The course for the night was protest and angst packaged in the time-tested tradition of rock. Liu Tzudir and OFF led the café’s patrons into streets that had no names and introducing them to a musician called Bono. OFF began the evening’s gig by climbing on high mountains and running through the fields with the U2 classic ‘I still haven’t Found what I’m looking for.’ After the poignant classic, OFF performed a rockish version of Lionel Ritchie’s ‘Easy’ before floating into ‘Where the streets have no name,’ another of U2’s classics. The Kohima-based singer and entrepreneur Theja Meru passionately sang the number in almost every show during his early Dream Café music days and OFF’s rendition elicited strong reminiscences of most Kohima performers’ passion for U2. 

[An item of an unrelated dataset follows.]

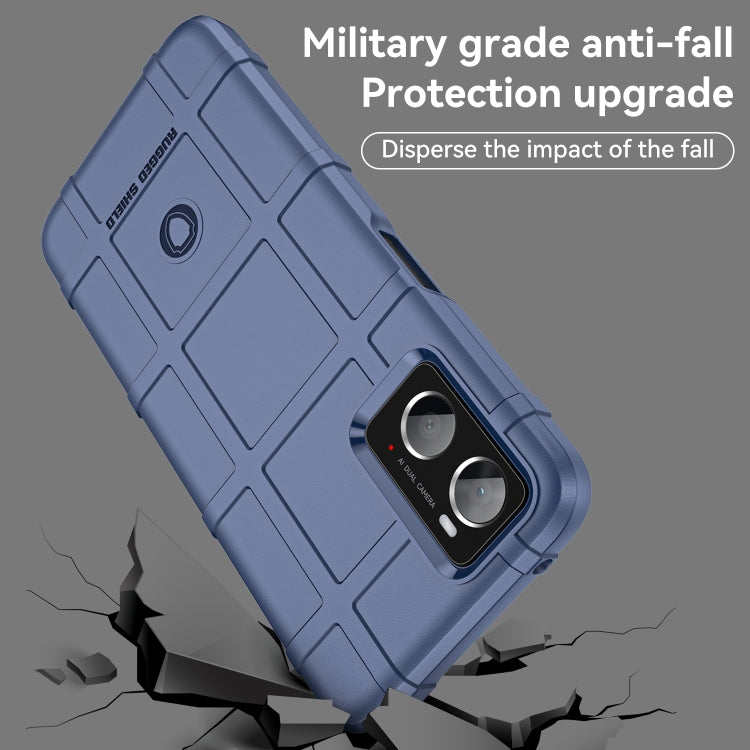 For OPPO K10 Full Coverage Shockproof TPU Case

After leading the café into nameless streets, OFF introduced the patrons to one of the band’s originals ‘Mr. Selfish’ – a crunchy, blues-driven rock piece “about me” as Tzudir explained. Arguably one of the classiest funk rockers in the state today, OFF demonstrated huge technical command and rhythmical finesse with ‘Mr. Selfish’ and with the second ‘Save me’ another of the band’s harder-hitting works. Concluding its gig, OFF decided that it was time to hand the microphone over to Alice in Wonderland and played ‘I Just want to go,’ easily one of the protest rocker’ grooviest blues rock works.

Young but bristling with unmistakable potential for musical distinction, alternative/core rockers from Kohima, Alice in Wonderland, added to the crunch of the evening’s dish.  Alice in Wonderland had won the sixth Best of the Best Nagaland Art Fusion rock contest in Dimapur in 2010. Primarily playing core metal and alternative rock, AIW proved to be a startlingly tight band. That they were a new band did not reflect in their musicality and performance. They played a number of ‘unidentified’ flying numbers of no-nonsense metal slabs; nonetheless demonstrating potential with their distinct harmonization and easy musicality, not to mention of their extremely natural showmanship.

Earlier on Friday, the eighth, Kohima metallers Black Rose performed in Jumping Bean. Azha Usou, of ‘The Last Serenade’ (2008) fame, leads Black Rose. The next Friday Jumping Bean would be hosting a group of young hip-hop performers who would be dishing out ‘their own thing’. The hip-hoppers are young, fresh, still in school, and needs more than just a hearing, Jumping Bean’s management informed. That the café has been at the forefront of offering free platform to local musicians since 2008, Jumping Bean hopes encouragement and support would come for the young performers.